Customize the OS parameters of a node pool - Container Service for Kubernetes

If the default parameter settings of the node OS, such as Linux, do not meet your business requirements, you can customize the OS parameters of your node pools to improve OS performance. After you customize the OS parameters of a node pool, Container Service for Kubernetes (ACK) updates the nodes in the node pool in batches. The new OS parameters immediately take effect on existing nodes in the node pool. Newly added nodes also use the new OS parameters.

Limits

This feature is supported only by ACK clusters that run Kubernetes 1.28 and later. For more information, see Create an ACK managed cluster, Create an ACK dedicated cluster, and Create an ACK edge cluster. To update an ACK cluster, see Manually upgrade ACK clusters.

Usage notes

Dynamically modifying node OS configurations may change the configurations of existing pods on nodes. As a result, pods may be recreated. Before you modify node OS configurations, we recommend that you ensure the high availability of your applications.
Modifications to OS parameters may affect the Linux kernel, which may cause node performance degradation or unavailability. As a result, your applications may be affected. Before you modify an OS parameter in the production environment, we recommend that you learn the purpose of the parameter and test the impact of the parameter change.
Do not use other methods to modify OS parameters that are not allowed to be customized in the ACK console. Modifying OS parameters that are not allowed may lead to node unavailability or overwrite other OS parameter modifications. For example, if you manually modify the /etc/sysctl.d/99-k8s.conf file in the CLI, other configuration modifications you made may be overwritten when the system performs cluster O&M operations, such as cluster updates and custom parameter changes.

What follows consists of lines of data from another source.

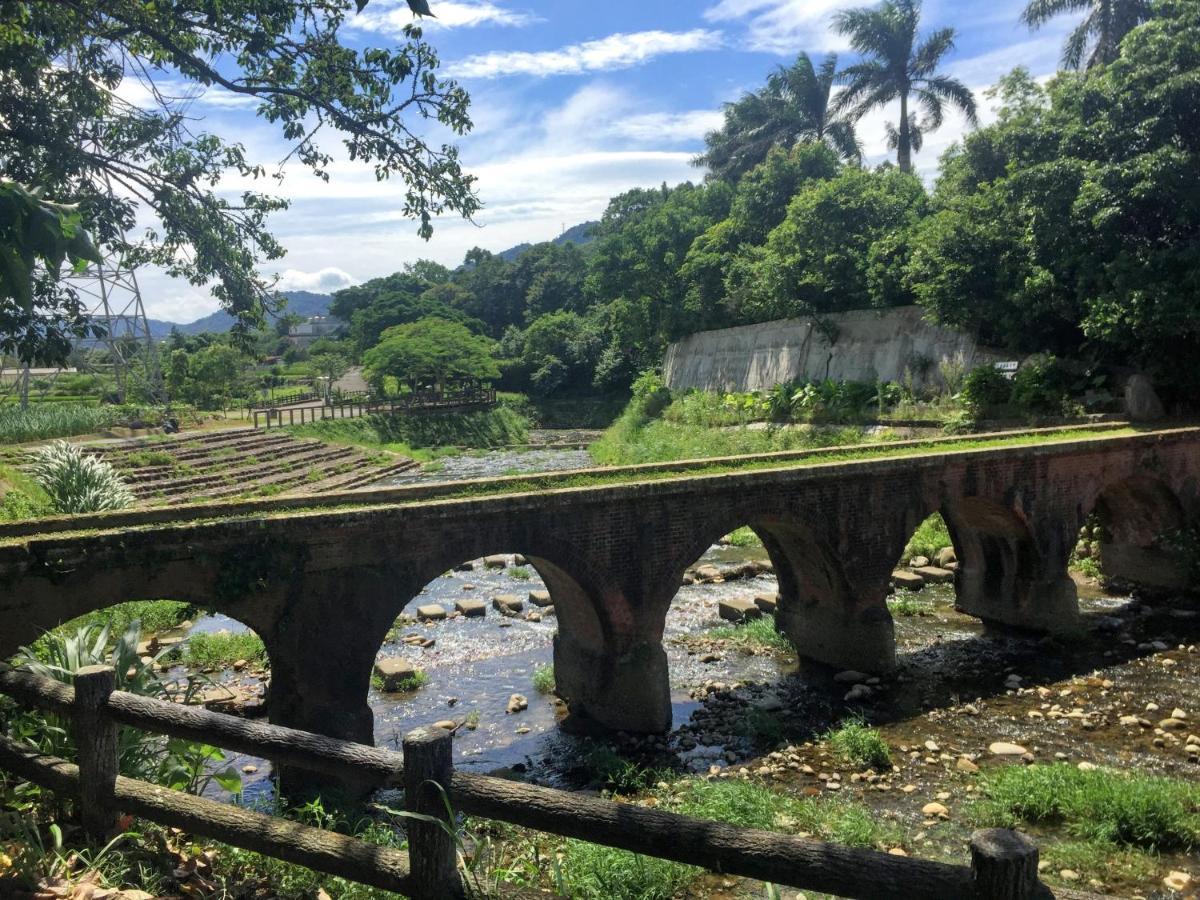 龙潭三坑老爹住宿加早餐旅馆 外观 照片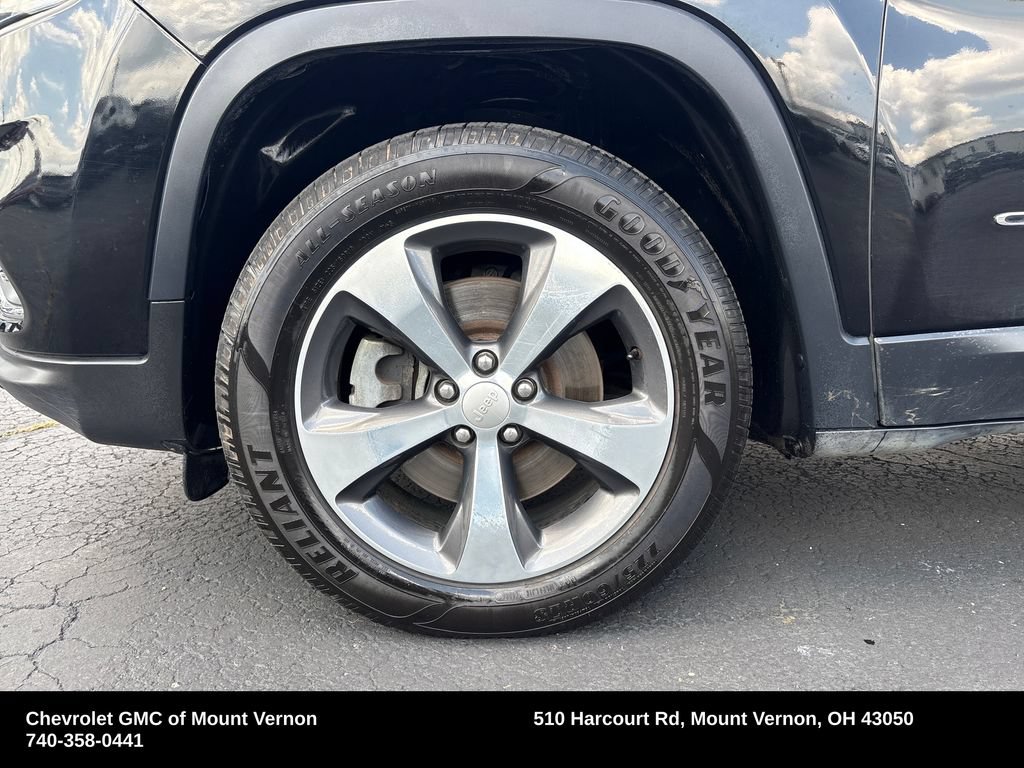 Used 2019 Jeep Cherokee Limited AWD/4WD image 27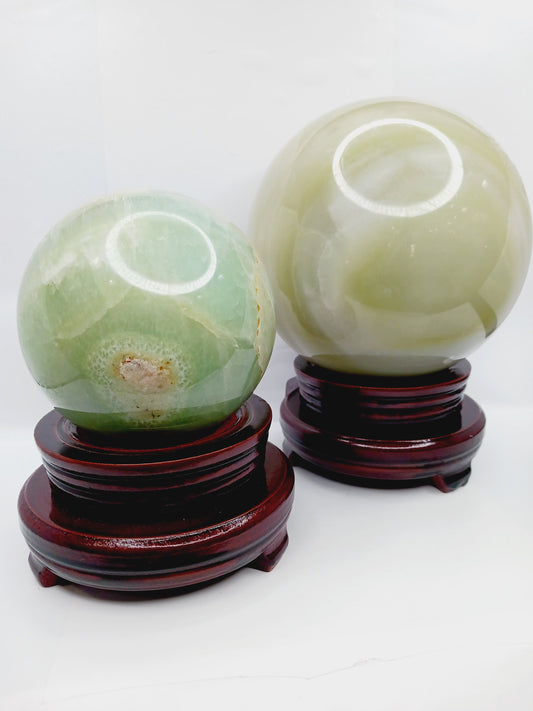 🌊💚 Blue-Green Calcite Spheres with Free Stand – Calming Energy Heart Healing and Oceanic Beauty! ✨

Customizable sysctl parameters in the ACK console

Parameter	Description	Default	Suggested value range
fs.aio-max-nr	The maximum number of asynchronous I/O operations supported by the system.	65536	[65536, 6553500]
fs.file-max	The maximum number of file handles that can be allocated by the system.	2097152	[8192, 12000500]
fs.inotify.max_user_watches	The maximum number of inotify watches that can be created by a user.	524288	[524288, 2097152]
fs.nr_open	The maximum number of file descriptors that can be allocated by a process.	1048576	[1000000, 20000500] The value of this parameter must be less than the value of the fs.file-max parameter.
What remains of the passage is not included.